## Given records
=== Begin Enclosure ===

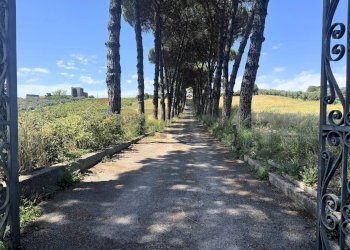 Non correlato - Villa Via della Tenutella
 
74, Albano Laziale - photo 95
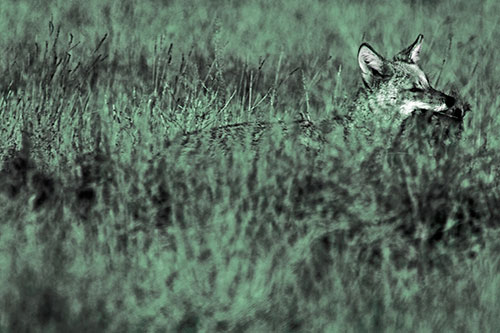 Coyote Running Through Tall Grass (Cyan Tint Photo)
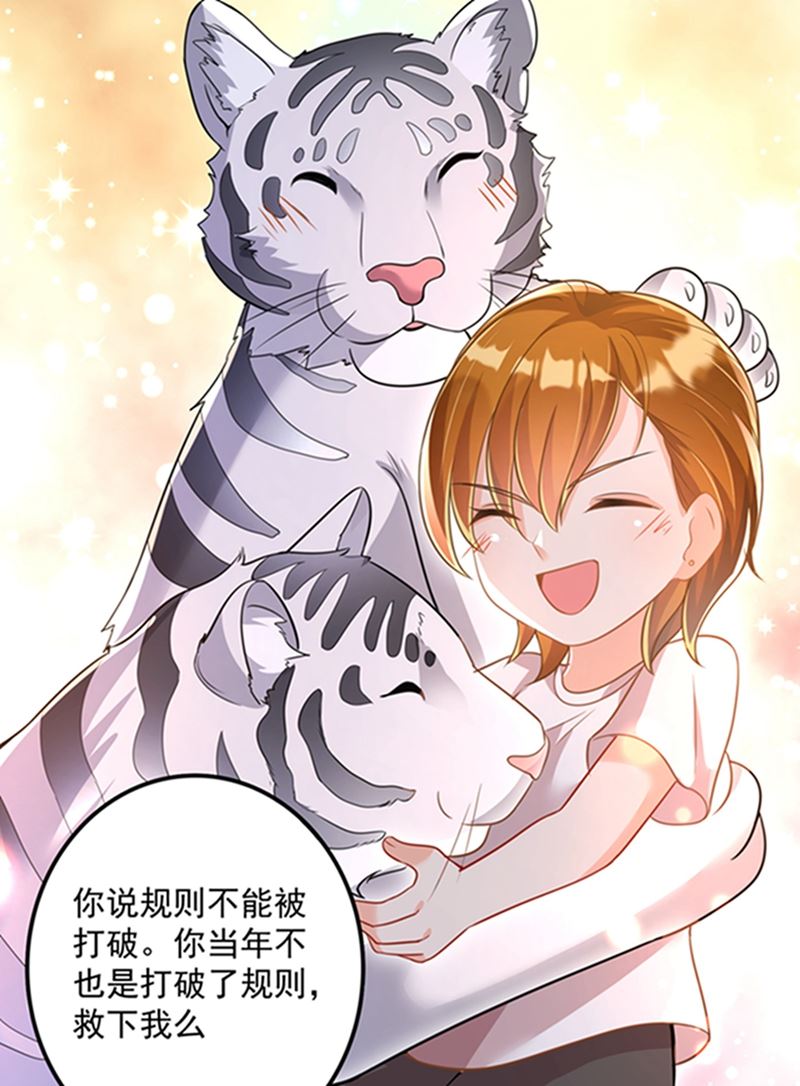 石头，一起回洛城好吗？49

=== End Enclosure ===
=== Begin Enclosure ===

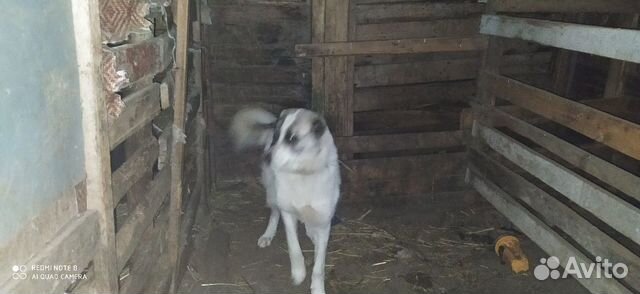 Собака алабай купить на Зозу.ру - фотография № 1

=== End Enclosure ===
=== Begin Enclosure ===

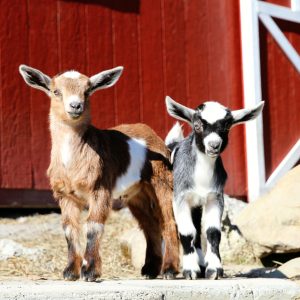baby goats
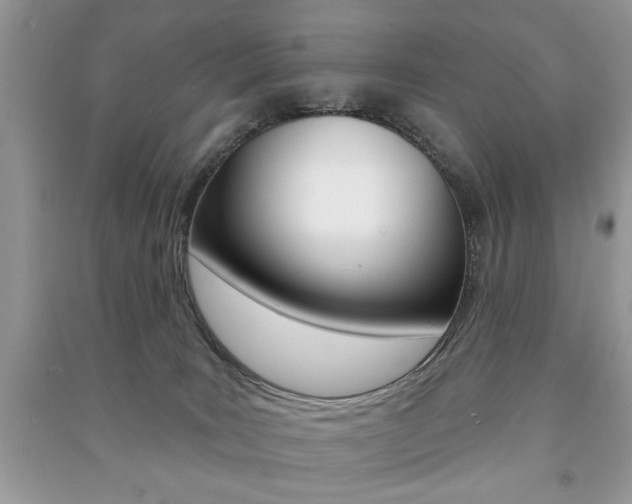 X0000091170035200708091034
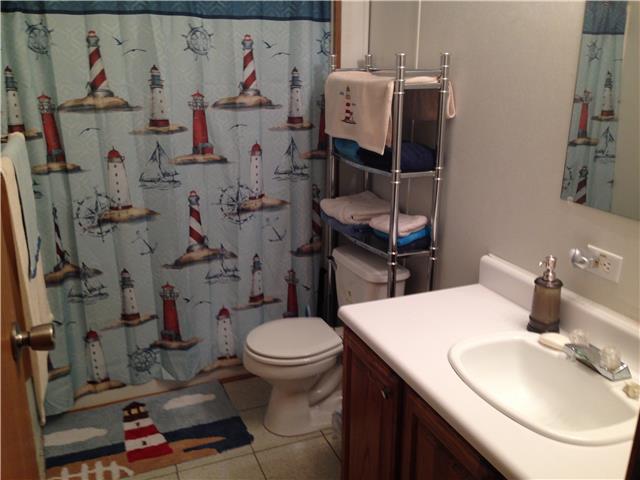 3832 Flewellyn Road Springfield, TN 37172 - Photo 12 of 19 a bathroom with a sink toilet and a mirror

=== End Enclosure ===

## Exercise description
What you need to produce is an exact copy of the entries above, limited to the lines from the one with "74, Albano Laziale - photo 95" up to and including the one with "石头，一起回洛城好吗？49", without pictures.

## Answer box
74, Albano Laziale - photo 95
 Coyote Running Through Tall Grass (Cyan Tint Photo)
 石头，一起回洛城好吗？49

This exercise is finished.